Residents of a small town in Missouri are up in arms over claims a local teacher displayed a Pride flag in her seventh-grade classroom. The controversy stemming from Facebook groups dedicated to matters concerning Camden County, Missouri inspired at least one member of the Proud Boys in full regalia to show up to the school board meeting on Monday night.
Over the last week, local residents have passionately debated in Facebook groups about whether it’s appropriate for a teacher to display an LGBTQ Pride flag. (Some unverified reports indicate the teacher also displayed a transgender Pride flag.)
A local politician who appears to have posed for photographs with the Proud Boys was among the strongest advocates against the teacher specifically and displaying Pride flags in schools generally.
Last week, Camdenton Alderman Daniel Ousley used the Facebook group Citizens for a Better Camden County to criticize an unnamed local teacher for displaying a Pride flag. “Stop indoctrinating and grooming our kids!” Ousley wrote, according to screenshots of a post that appears to have been deleted
In a subsequent post in the same group, Ousley opined that the local school system should ban Pride flags from classrooms entirely.
Arguments broke out in the comments. Many in the group agreed with Ousley. Others said that schools should be accepting and inclusive of children regardless of sexual orientation or gender identity.
“I just want to say I thank God that students are far more accepting of their peers than the bigoted adults,” wrote one person who supports teachers displaying Pride symbols in their classrooms.
Ousley didn’t immediately respond to a direct message asking for comment.
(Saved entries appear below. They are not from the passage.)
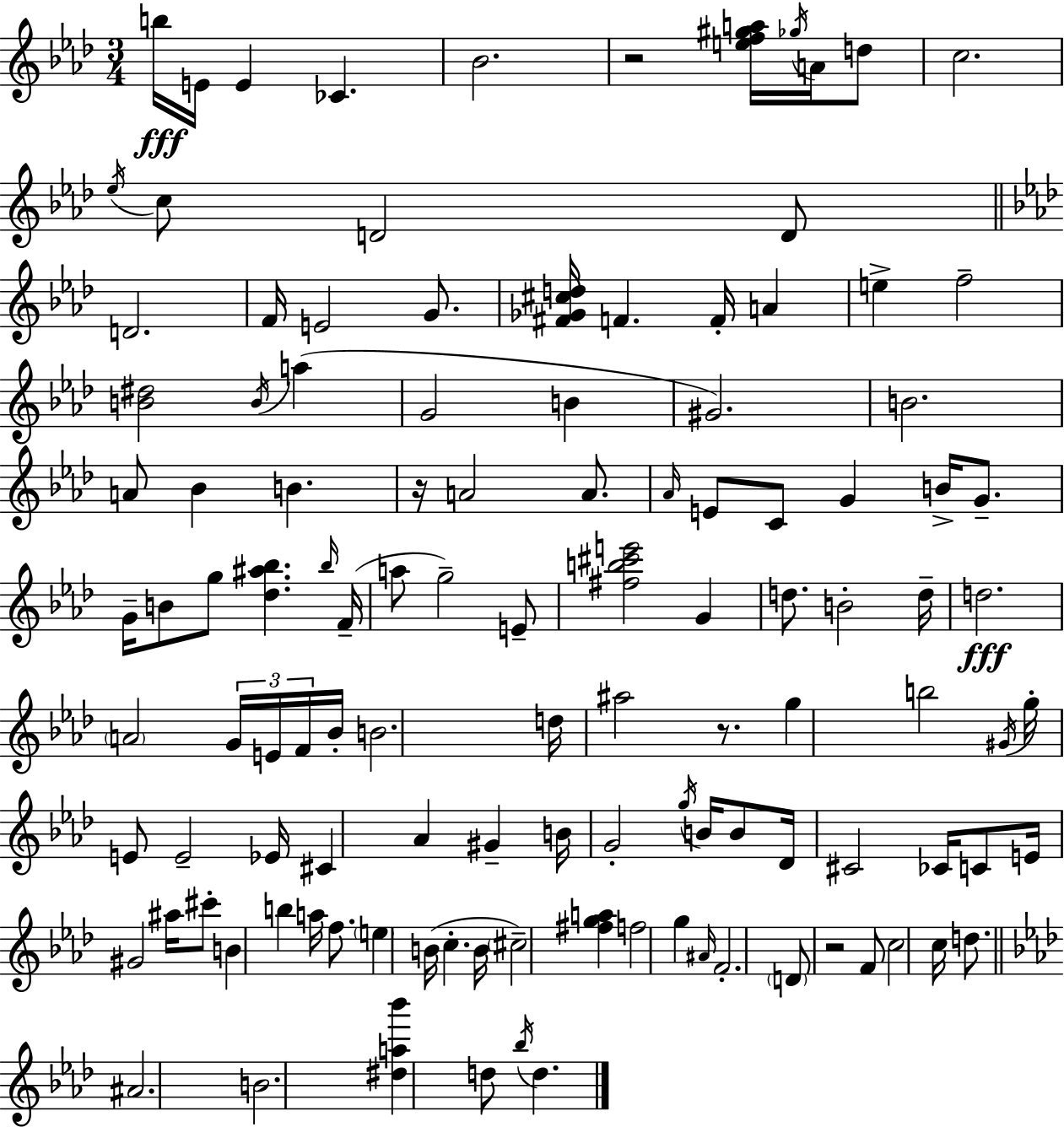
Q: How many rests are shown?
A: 4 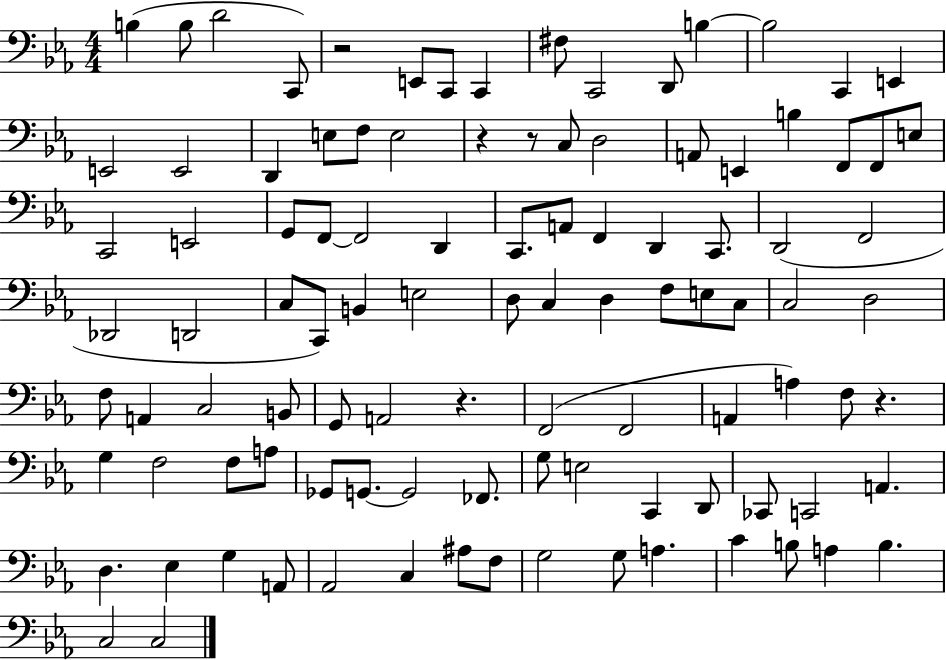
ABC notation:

X:1
T:Untitled
M:4/4
L:1/4
K:Eb
B, B,/2 D2 C,,/2 z2 E,,/2 C,,/2 C,, ^F,/2 C,,2 D,,/2 B, B,2 C,, E,, E,,2 E,,2 D,, E,/2 F,/2 E,2 z z/2 C,/2 D,2 A,,/2 E,, B, F,,/2 F,,/2 E,/2 C,,2 E,,2 G,,/2 F,,/2 F,,2 D,, C,,/2 A,,/2 F,, D,, C,,/2 D,,2 F,,2 _D,,2 D,,2 C,/2 C,,/2 B,, E,2 D,/2 C, D, F,/2 E,/2 C,/2 C,2 D,2 F,/2 A,, C,2 B,,/2 G,,/2 A,,2 z F,,2 F,,2 A,, A, F,/2 z G, F,2 F,/2 A,/2 _G,,/2 G,,/2 G,,2 _F,,/2 G,/2 E,2 C,, D,,/2 _C,,/2 C,,2 A,, D, _E, G, A,,/2 _A,,2 C, ^A,/2 F,/2 G,2 G,/2 A, C B,/2 A, B, C,2 C,2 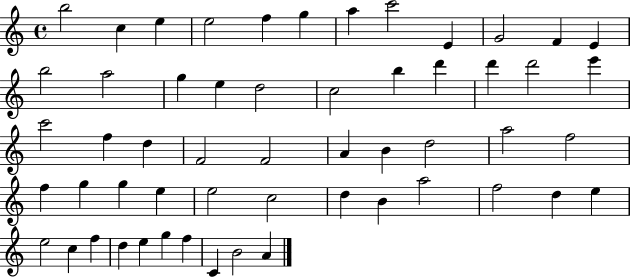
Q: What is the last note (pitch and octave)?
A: A4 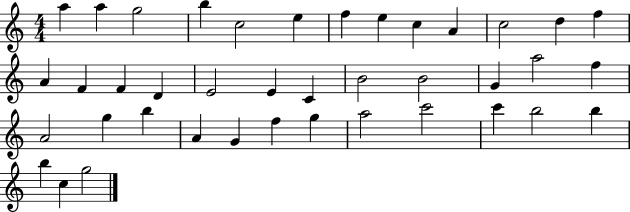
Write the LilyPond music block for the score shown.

{
  \clef treble
  \numericTimeSignature
  \time 4/4
  \key c \major
  a''4 a''4 g''2 | b''4 c''2 e''4 | f''4 e''4 c''4 a'4 | c''2 d''4 f''4 | \break a'4 f'4 f'4 d'4 | e'2 e'4 c'4 | b'2 b'2 | g'4 a''2 f''4 | \break a'2 g''4 b''4 | a'4 g'4 f''4 g''4 | a''2 c'''2 | c'''4 b''2 b''4 | \break b''4 c''4 g''2 | \bar "|."
}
Citizens for a Better Camden County is currently filled with passionate debate about the flag and reading materials in the school library. Some accused educators of “grooming” children, a bigoted accusation that falsely likens LGBTQ people and their allies to pedophiles.
Others pushed back and opined that schools should be safe and welcoming of children regardless of sexual orientation or gender identity or those of their families.
“I think it’s nice that there’s a teacher at Camdenton that is openly accepting of kids who might be different than 90% of who goes to school there,” a local resident wrote in the group. “I remember kids in my grade having to hide who they were, and being ashamed of who they were, and older kids who took their lives because of the pain and shame of having no one to accept them.”
Recent posts in the LOTO Politica Facebook group are similarly focused on the drama over the Pride flag. The matter spilled into the real world on Monday evening when a Proud Boy showed up at the Camdenton R-III School District Board of Education meeting.
Laura Burkhardt, leader of the Missouri branch of gun control advocacy group Moms Demand Action, tweeted photos of the man wearing a Proud Boys T-shirt and symbols to the meeting.
“Today the Proud Boys, dressed in hate symbols, showed up at the Camdenton School Board meeting (Missouri) with the intent to intimidate a teacher over a small Pride flag in her classroom,” Burkhardt wrote.
Burkhardt added that the Proud Boys targeted the teacher with “hate-fueled intimidation” for displaying a four-inch long Pride flag in her classroom. Twitter users were appalled to see the far-right group targeting a school system.
Proud Boys and other right-wing extremists have grown increasingly obsessed with “protecting” children from LGBTQ inclusiveness in recent months. In June, Proud Boys disrupted a drag queen story hour in California.
Burkhardt and others echoed claims that local Republicans and the state GOP were involved with the push to force the unidentified teacher to remove the Pride flag.
“This is political violence and it’s sponsored by the [Missouri] GOP,” Burkhardt tweeted.
The teacher has reportedly taken the Pride flag down. Screenshots circulating on multiple social media platforms show a letter from the school board saying that it had “been made aware of certain items being displayed on campus that may contradict Board policy.”
“For the time being, the items in question have been voluntarily removed … until the Camdenton Board of Education can further review.”
The Camdenton school board didn’t respond to a request for comment sent via email Tuesday morning.